SOURCE INFORMATION START
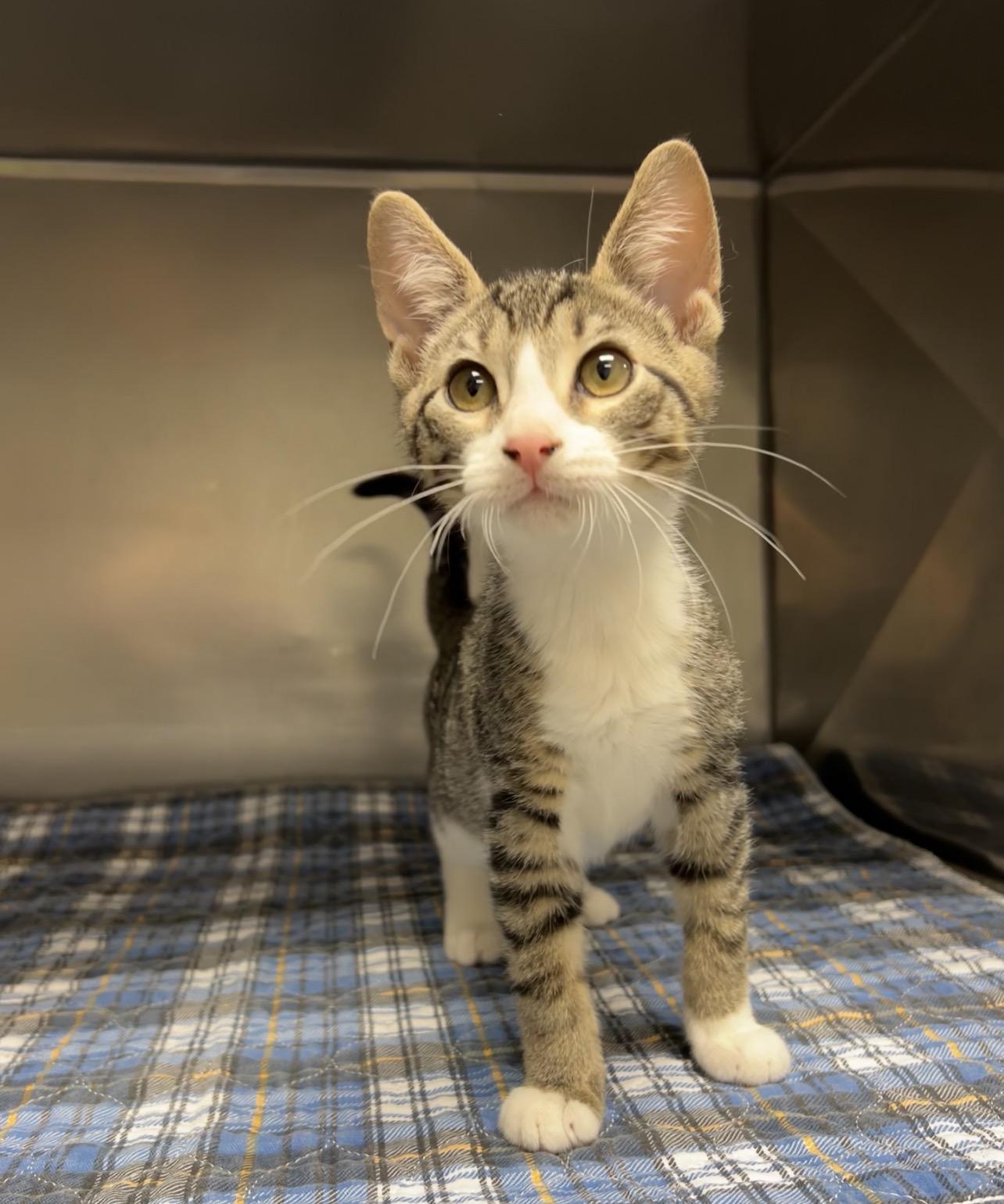 Trowel, Adoptable, Kitten Male Domestic Short Hair.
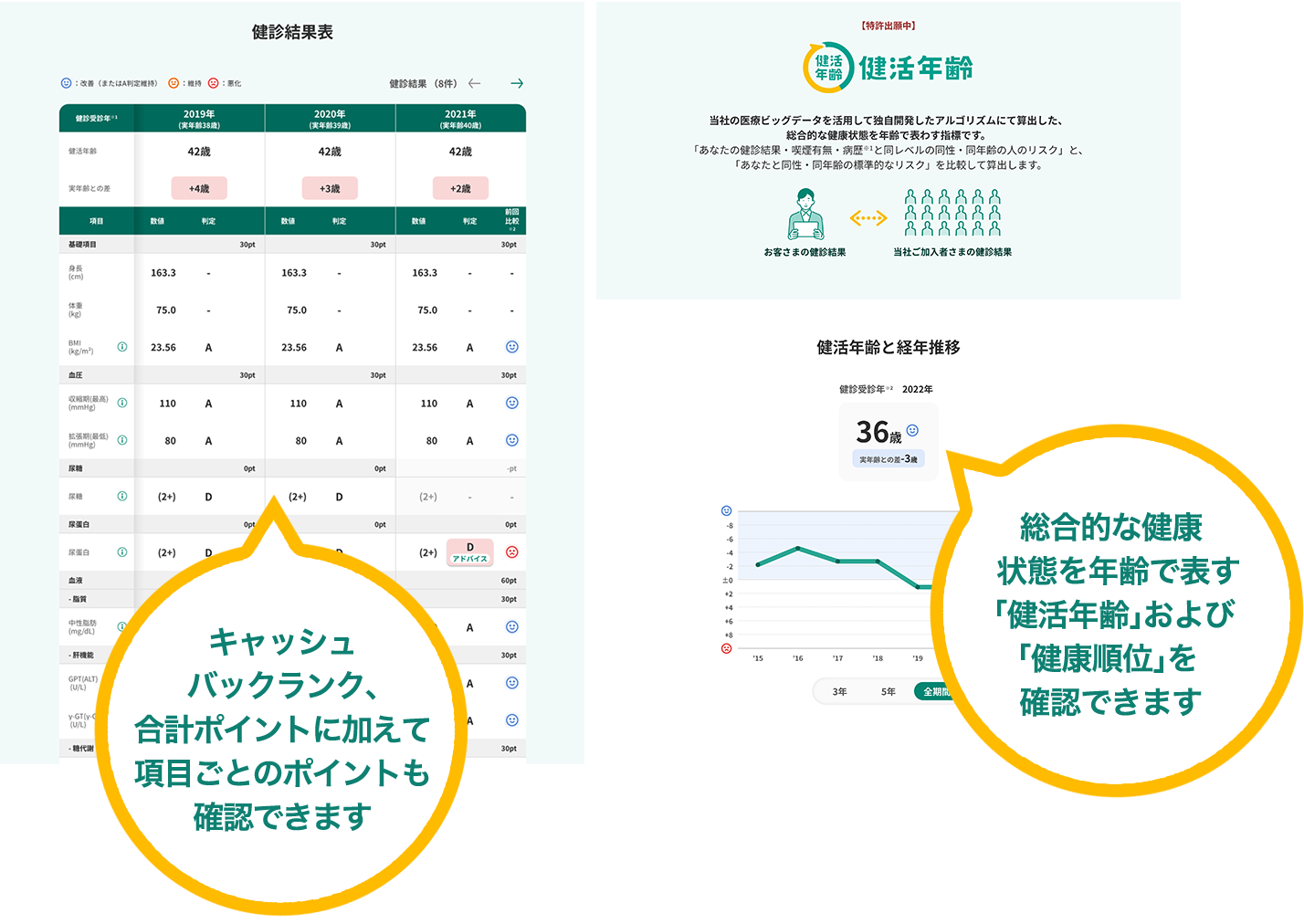 健診結果表の図：キャッシュバックランク、合計ポイントに加えて項目ごとのポイントも確認できます。 総合的な健康状態を年齢で表わす「健康年齢®」および「健康順位」を確認できます。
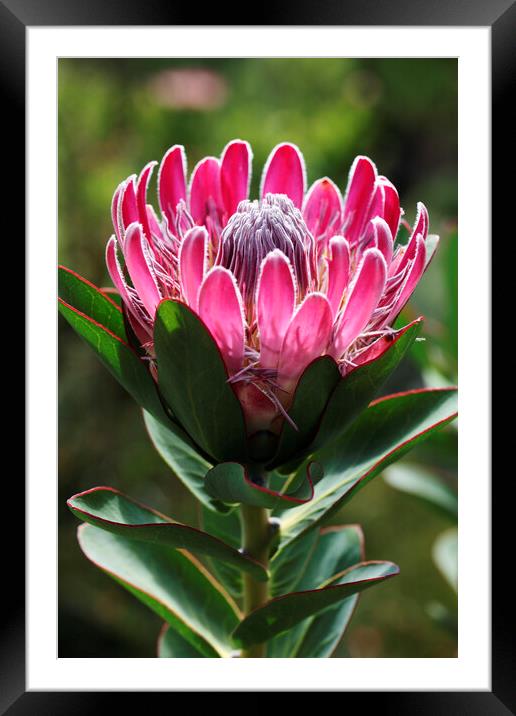 Protea compacta flower, South Africa Framed Mounted Print by Neil Overy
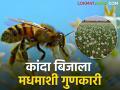 यंदा कांदा बिजाचे उत्पादन घटणार; मधमाश्या ठरताहेत करणीभूत? - Marathi News | Onion seed production will decrease this year because of honeybees | Latest agriculture News at Lokmat.com
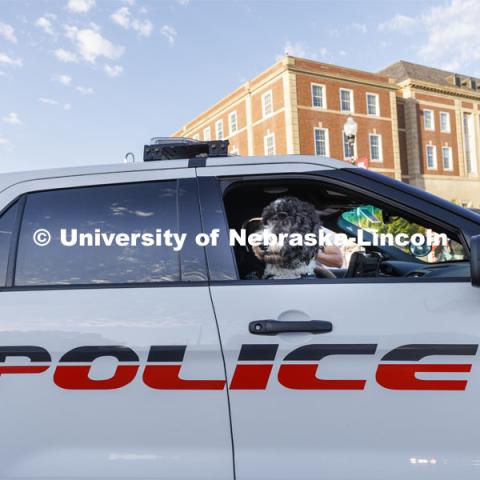 Cash, the UNLPD therapy dog, had a front seat to the parade. Homecoming Parade and Cornstalk. September 30, 2022. Photo by Craig Chandler / University Communication.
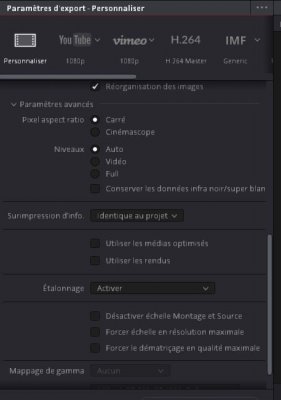 Resolve_export_pramètres avancés.JPG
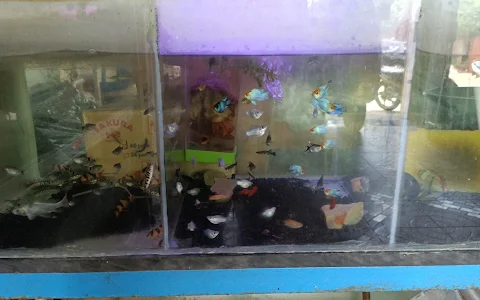 Toko ikan hias pikhacu aquarium image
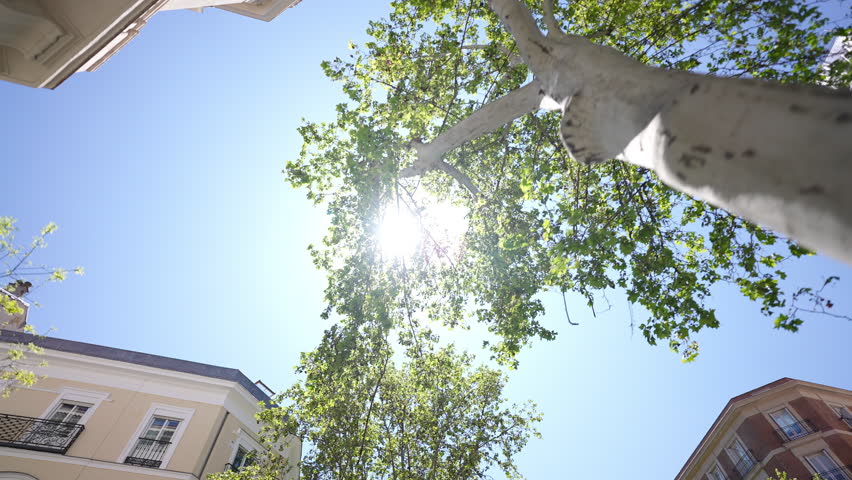 Sunlight filters through the leaves of tall trees lining a city street, illuminating the facades of buildings and creating a vibrant urban scene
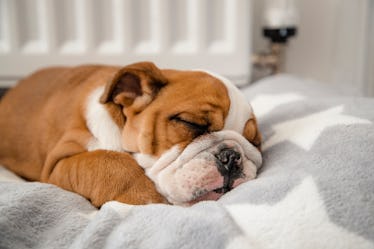 Funny Sleeping Dog Quotes For Instagram Captions That Are Too Cute Funny Sleeping Dog Quotes For Instagram Captions That Are Too Cute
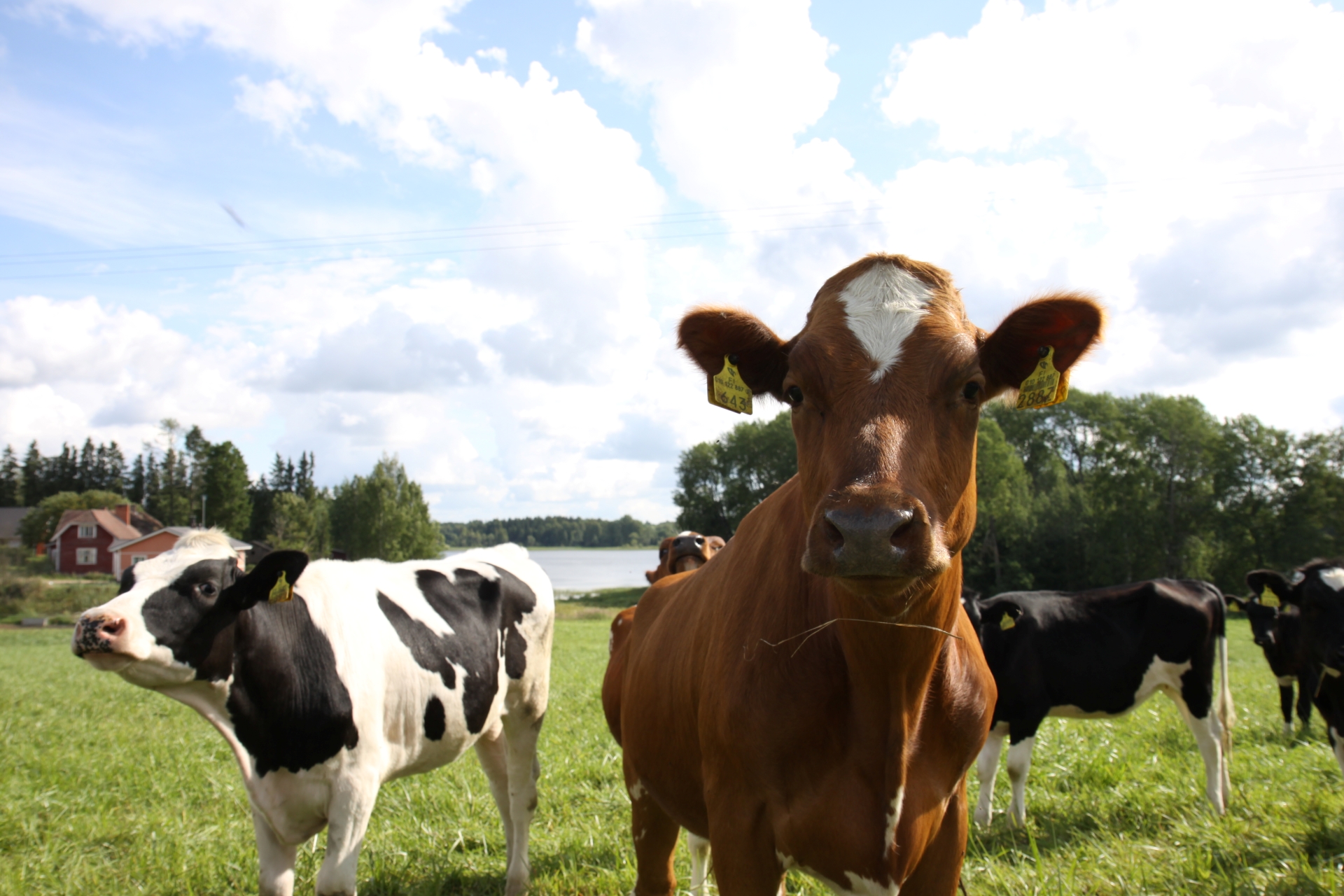Nuoria lehmiä pellolla aurinkoisena kesäpäivänä.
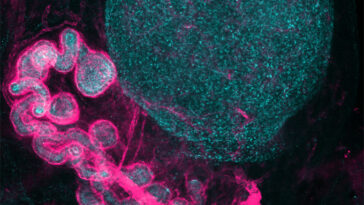 Cette image montre un ovaire rond en bleu vers une structure tubelike de couleur magenta en dessous.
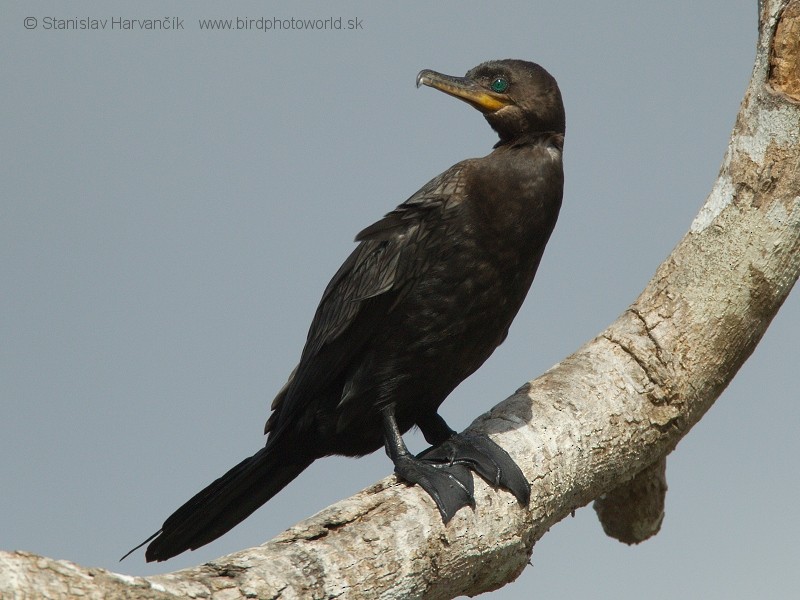 Neotropic Cormorant - ML204431091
SOURCE INFORMATION END
WORK TO BE COMPLETED ▸
Once you find the line containing "Cash, the UNLPD", transcribe it and each line after it to the end of the records exactly, and leave out the pictures.

ANSWER BOX ▸
 Cash, the UNLPD therapy dog, had a front seat to the parade. Homecoming Parade and Cornstalk. September 30, 2022. Photo by Craig Chandler / University Communication.
 Resolve_export_pramètres avancés.JPG
 Toko ikan hias pikhacu aquarium image
 Sunlight filters through the leaves of tall trees lining a city street, illuminating the facades of buildings and creating a vibrant urban scene
 Funny Sleeping Dog Quotes For Instagram Captions That Are Too Cute Funny Sleeping Dog Quotes For Instagram Captions That Are Too Cute
Nuoria lehmiä pellolla aurinkoisena kesäpäivänä.
 Cette image montre un ovaire rond en bleu vers une structure tubelike de couleur magenta en dessous.
 Neotropic Cormorant - ML204431091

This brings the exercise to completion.